Player of the Week David Kool, Western Michigan: Not only does the 6-foot-3 guard lead the Broncos in PPG (20.1), three-point FG percentage with at least 25 attempts (38.2%) and offensive rating (121.9), the senior now also owns WMU’s career scoring record. In a loss to Akron Wednesday night, Kool dropped 30 and broke Manny Newsome’s 46-year old record. Kool currently has 1,790 points in his career and it’s conceivable he could break the 2,000 point barrier: five of WMU’s final 10 games are against teams allowing more than one point per possession.
Game of the Week Kent State 87, Akron 70: A grudge match between the top two East Division contenders? Check. A nationally televised game? Check. A 17-point loss … what? The last time a game between these two rivals was decided by 17 points or more was in the 2008 MAC championship game (won by the Golden Flashes). The Zips were outmanned on the boards, 38-28, and consequently, in a game where Akron suffered more than a few scoring droughts, Kent State’s 23-11 second chance points were too much to overcome.
Games of the Upcoming Week: Eastern Michigan at Miami, January 30, ESPNU, and Buffalo at Central Michigan, February 4. Central Michigan continues their East Division swing and will want to end the East Division’s dominance of the garnering the NCAA tournaments’ auto bid. A West Division team hasn’t made the Dance since 2005 (Central Michigan). One of the final ESPN-televised games on the MAC slate, the Miami-Eastern Michigan tilt will be the final chance — barring a run through the conference tournament — to see Miami’s Kenny Hayes live in action.
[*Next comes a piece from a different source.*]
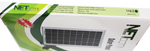 COV-35105 35104 35103 SOLAR PANEL 15V 10W - KobeUSA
Superlatives: On January 20th, Miami’s Charlie Coles won his 217th game at Miami and is now the MAC’s all-time leader in career conference wins. Coles passed the record previously held by Darrell Hedric, who was a former coach at Miami.
Looking Back: The Chippewas had a topsy-turvy week. First, CMU hosted Northern Illinois and managed a win against an intra-divisional foe, 81-75. CMU ‘held’ NIU’s Xavier Silas to 26 points and Robbie Harman continued his impressive three-point turnaround, hitting 3 of 13 from deep. Harman is the best long-range shooter on the Chippewas this season and has upped his percentage from 34% to 42.8%. On Thursday, CMU started their East division swing with intentions of proving they are a contender in the conference, not just in their own division. Falling to Miami didn’t help their plans; CMU has held opponents to a scant 59.7 ppg in 2010 but the RedHawks managed to score 64 points — four more than their conference average.
Looking Ahead: As previously stated, Central Michigan continues its play against East division foes, taking on Bowling Green, Buffalo, Kent State, Akron and Ohio. Second-place Northern Illinois is on a similar swing so if the Huskies struggle and CMU can finish the six-game trip with at least three wins, they could begin to distance themselves within the division.
Looking Back: Xavier Silas continues to rise up the MAC scoring ranks, totaling 57 points in two games (26 against CMU, 31 against Ohio). The junior transfer is now averaging 23.5 PPG – best in the conference – and the 6-foot-5 guard is tops in the conference in percentage of possessions used (32.0%) and percentage of shots taken (33.5%). NIU is not just a one-man team: Darion Anderson is 17th in the conference with a 12.0 ppg and the Huskies could become a dangerous team if sophomore Mike DiNunno emerges as a third option. The 5-foot-11 guard rang up 16 on Ohio. However, if Northern Illinois wants to unseat Central Michigan and run away with the East division title, the Huskies need to step up their defense. Sure, the Huskies are the second best at FG defense but they are the third-worst defensive team in the MAC, allowing opposing teams to drop 71.3 PPG. With Silas in the midst of a hot streak, NIU needs to focus on locking teams down.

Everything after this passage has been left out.